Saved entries
+--

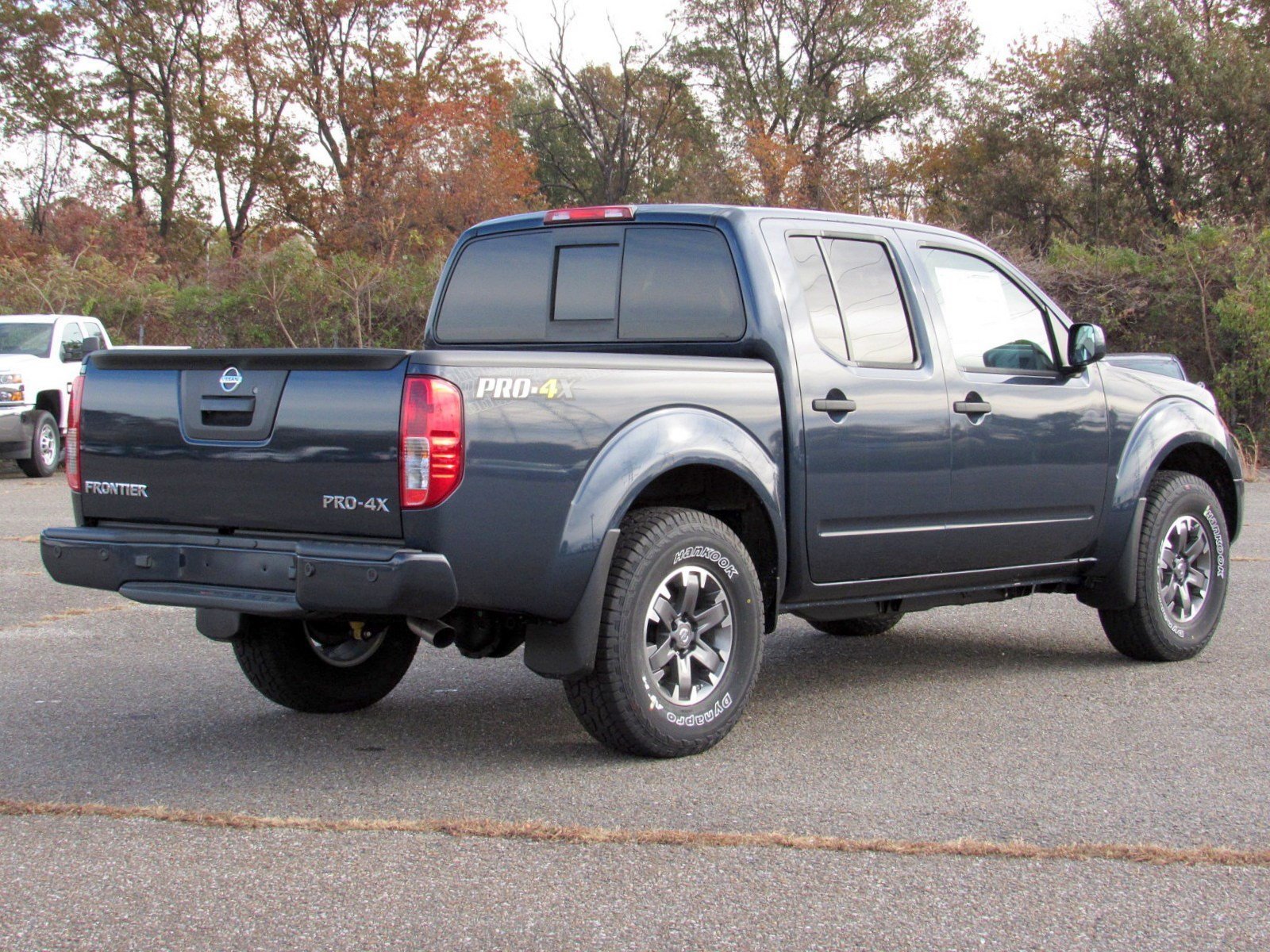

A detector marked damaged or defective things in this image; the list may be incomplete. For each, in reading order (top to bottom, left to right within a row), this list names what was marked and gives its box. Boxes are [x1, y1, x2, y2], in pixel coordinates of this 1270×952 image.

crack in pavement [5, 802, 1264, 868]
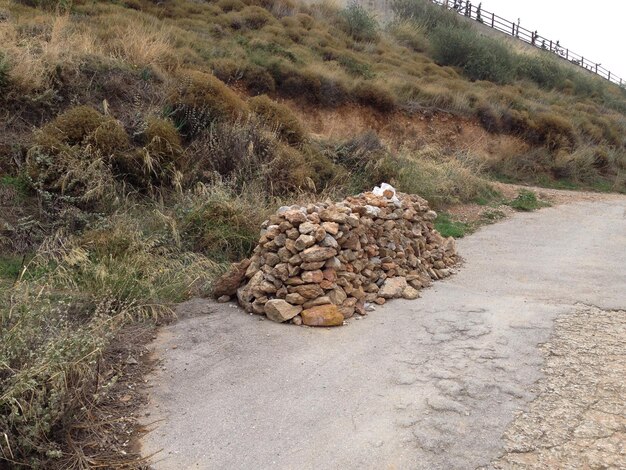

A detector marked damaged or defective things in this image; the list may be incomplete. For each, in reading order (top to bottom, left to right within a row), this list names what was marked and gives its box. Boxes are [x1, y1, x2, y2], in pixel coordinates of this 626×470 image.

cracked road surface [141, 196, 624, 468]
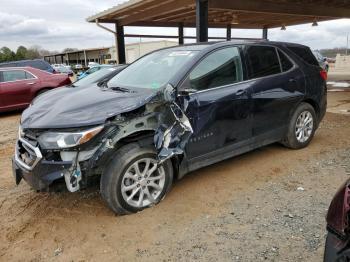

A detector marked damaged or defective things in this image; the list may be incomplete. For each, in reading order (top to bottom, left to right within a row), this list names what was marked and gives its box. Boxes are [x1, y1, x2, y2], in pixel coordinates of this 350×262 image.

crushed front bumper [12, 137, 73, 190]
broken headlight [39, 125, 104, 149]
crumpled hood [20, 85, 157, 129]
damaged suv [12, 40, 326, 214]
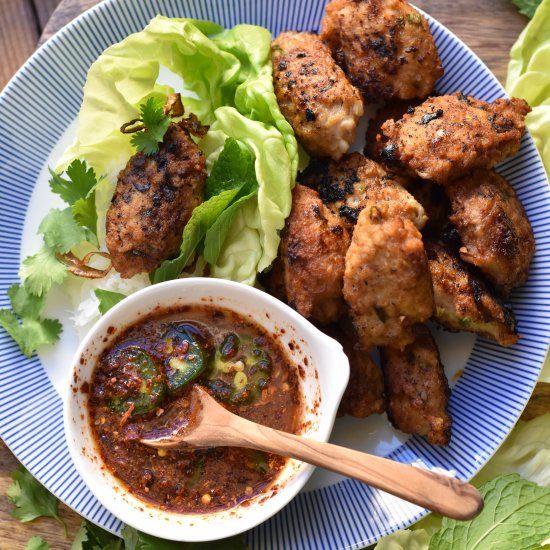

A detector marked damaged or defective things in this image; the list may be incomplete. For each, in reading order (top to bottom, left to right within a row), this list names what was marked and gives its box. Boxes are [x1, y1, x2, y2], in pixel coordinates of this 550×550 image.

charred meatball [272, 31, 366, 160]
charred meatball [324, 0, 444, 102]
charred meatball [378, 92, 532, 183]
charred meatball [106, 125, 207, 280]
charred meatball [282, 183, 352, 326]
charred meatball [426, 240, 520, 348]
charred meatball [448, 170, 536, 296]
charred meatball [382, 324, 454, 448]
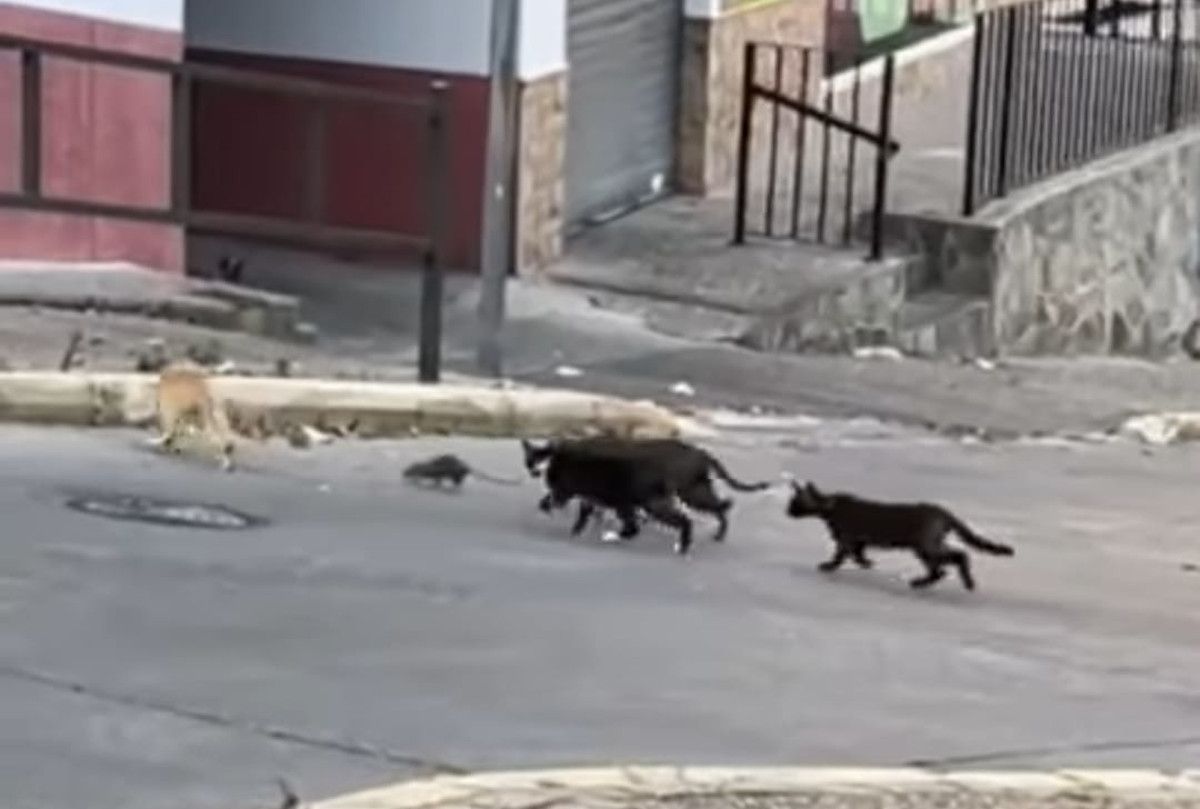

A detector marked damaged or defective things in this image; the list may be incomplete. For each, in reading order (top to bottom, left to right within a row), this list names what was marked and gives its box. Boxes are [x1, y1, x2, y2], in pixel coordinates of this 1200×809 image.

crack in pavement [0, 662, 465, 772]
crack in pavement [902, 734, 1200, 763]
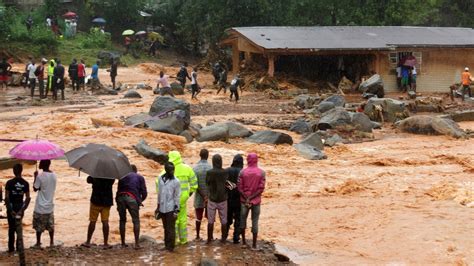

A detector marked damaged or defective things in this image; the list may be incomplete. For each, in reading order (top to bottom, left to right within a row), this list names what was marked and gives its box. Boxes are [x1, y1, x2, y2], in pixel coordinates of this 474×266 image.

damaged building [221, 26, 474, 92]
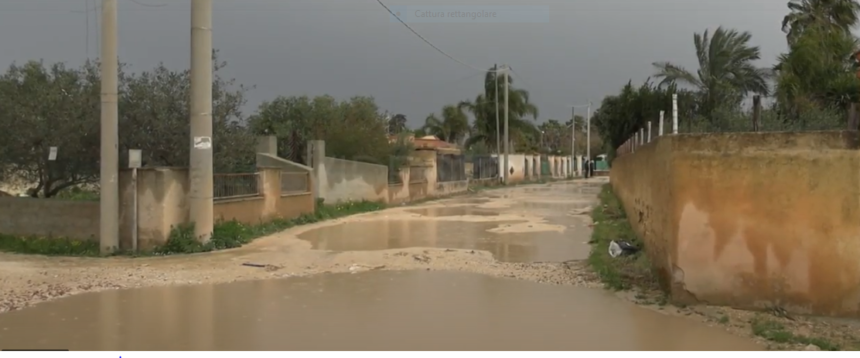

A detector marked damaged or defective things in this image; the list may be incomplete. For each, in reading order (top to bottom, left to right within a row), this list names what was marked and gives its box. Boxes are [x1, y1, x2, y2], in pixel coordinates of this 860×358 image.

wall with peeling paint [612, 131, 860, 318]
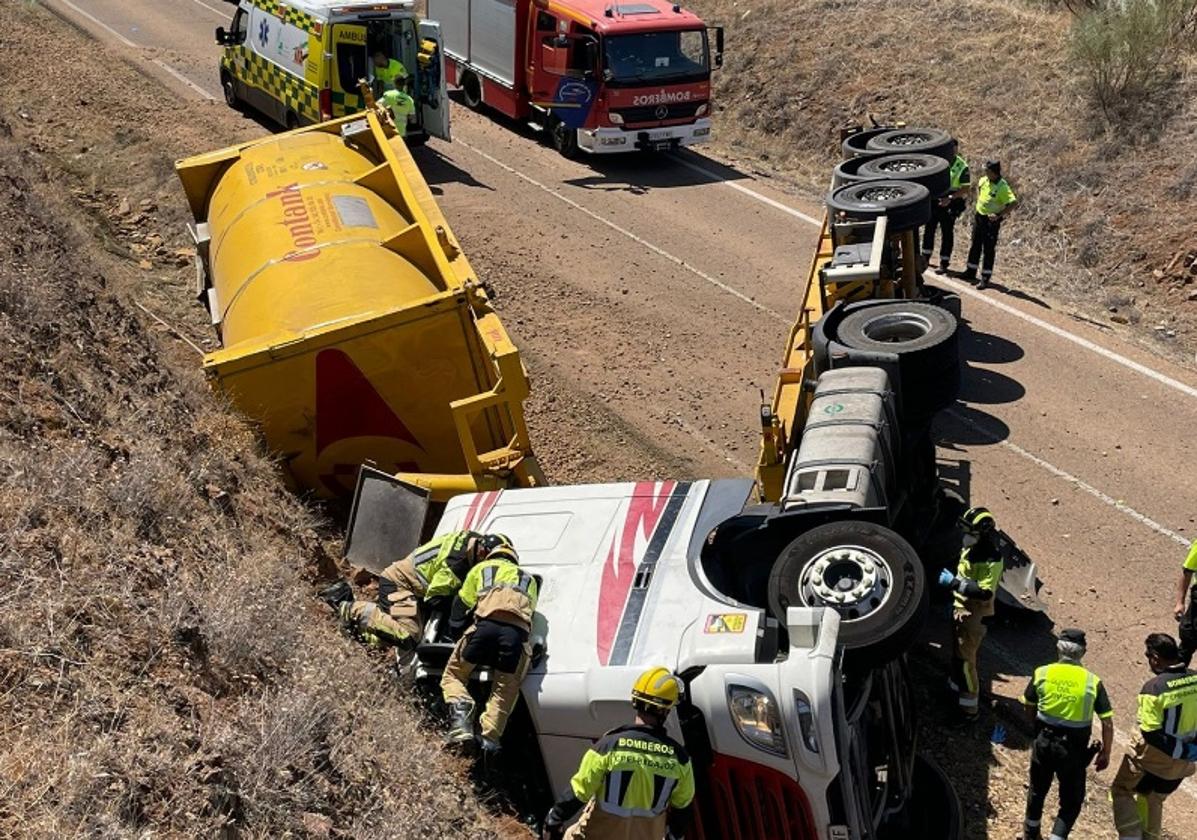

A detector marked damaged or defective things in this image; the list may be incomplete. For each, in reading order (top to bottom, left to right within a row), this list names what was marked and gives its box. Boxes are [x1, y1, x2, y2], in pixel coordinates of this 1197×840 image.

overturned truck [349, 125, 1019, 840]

+--

## Your task
Please return exactly the lines from the one containing "this 1197×840 image." through the end of the entries above, adding no other line.

## Your response
A detector marked damaged or defective things in this image; the list may be incomplete. For each, in reading order (top to bottom, left to right within a row), this list names what was marked and gives its box. Boxes are [x1, y1, x2, y2], in pixel coordinates of this 1197×840 image.

overturned truck [349, 125, 1019, 840]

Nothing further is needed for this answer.